We just returned from a very long vacay in sunny So. Cal. Hubby and I lived in LA all our lives prior to our 6-years-and-counting stint in the midwest, and we eagerly anticipate our annual trip back to west coast beaches.
Both our parents, sibs, and extended fam all reside in Cali. Because, yeah, they aren’t about to follow to the second coldest state in the country. We relish the reunions with family and friends and fawning over how big everyone’s kids have grown.
Not to mentioned the weather and food. Suffice it to say we spend almost every day at a different beach, and I always gain at least five pounds on the local LA food scene…

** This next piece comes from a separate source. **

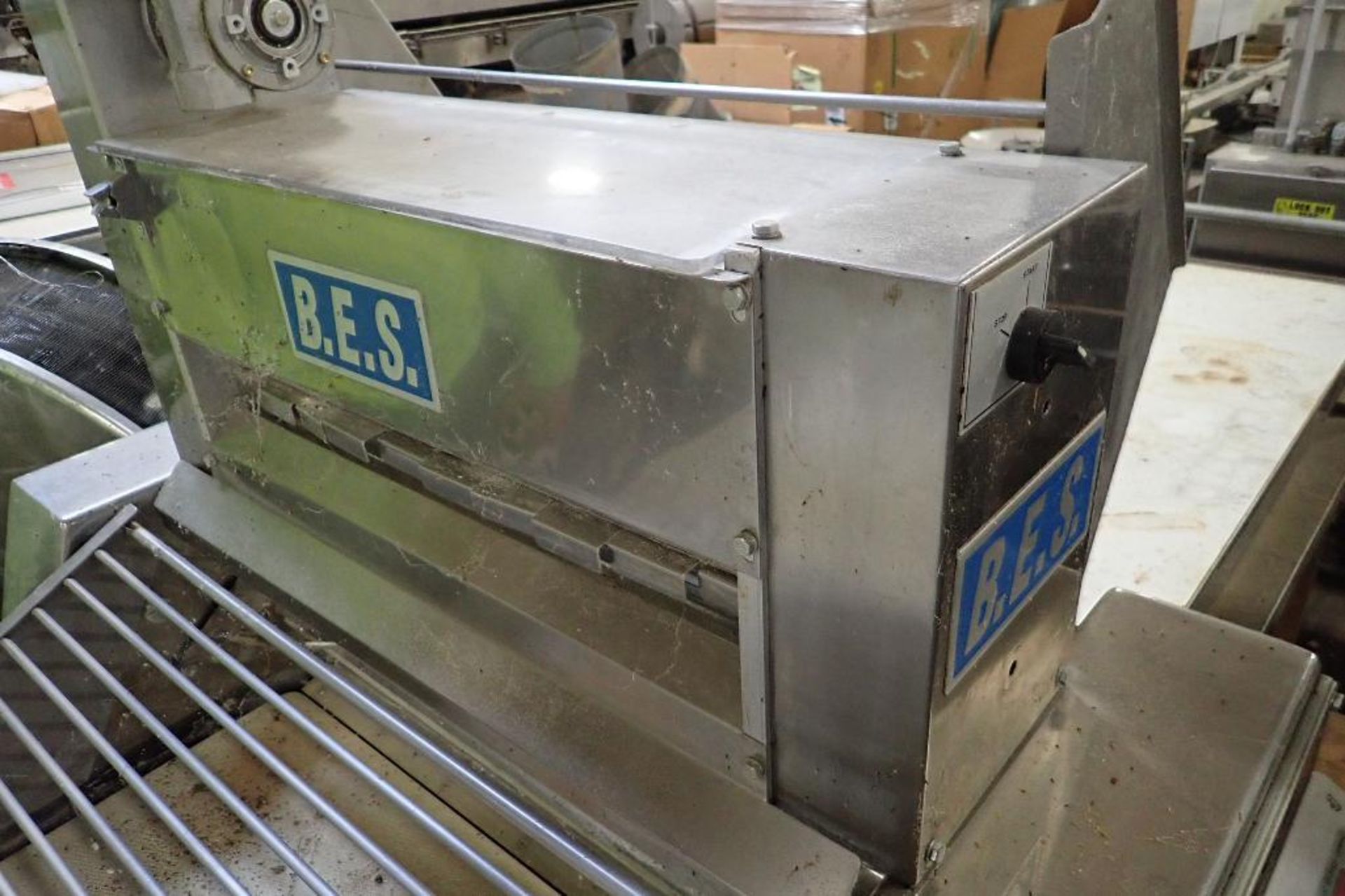 Bakery Equipment Service sheeter, Model BES SFA1 700L, SN 052600, 27 in. wide belt, 22 in. wide sift - Image 10 of 14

After fourteen days of nonstop jumping in ocean waves, visiting friends, hiking mountain terrain, and indulging in a few too many tacos and In’n Out burgers, we literally crashed once we got home.
Like, I’m going to bed and I’ll see you in 14 hours. Don’t bother waking me up.
The combination of jet lag and Dramamine had me in a brain fog for about two days straight. Thankfully, I hadn’t scheduled many activities for the boys this week, knowing we’d need the week to recoup before school starts.
Oh, yeah, school. It’s starting next week. Backpacks, check. Paperwork, check.
But first. Labor Day Weekend. It’s everyone’s last hurrah before the fall routine hits. We’re definitely planning a few fun events.
Which brings me to these seriously delicious Cherry Mojitos. Kudos to Hubby for coming up with this one. He spent an unknown amount of energy stirring and mixing until he got this cocktail just right.
This Cherry Mojito is super easy to mix up and tastes fabulous. It’s a refreshing, spritzy, and perfectly balanced drink. Enjoy the fresh mint and sweet cherries while they’re in season.
Here’s to a wonderful Labor Day Weekend, Everyone.
Did you make this?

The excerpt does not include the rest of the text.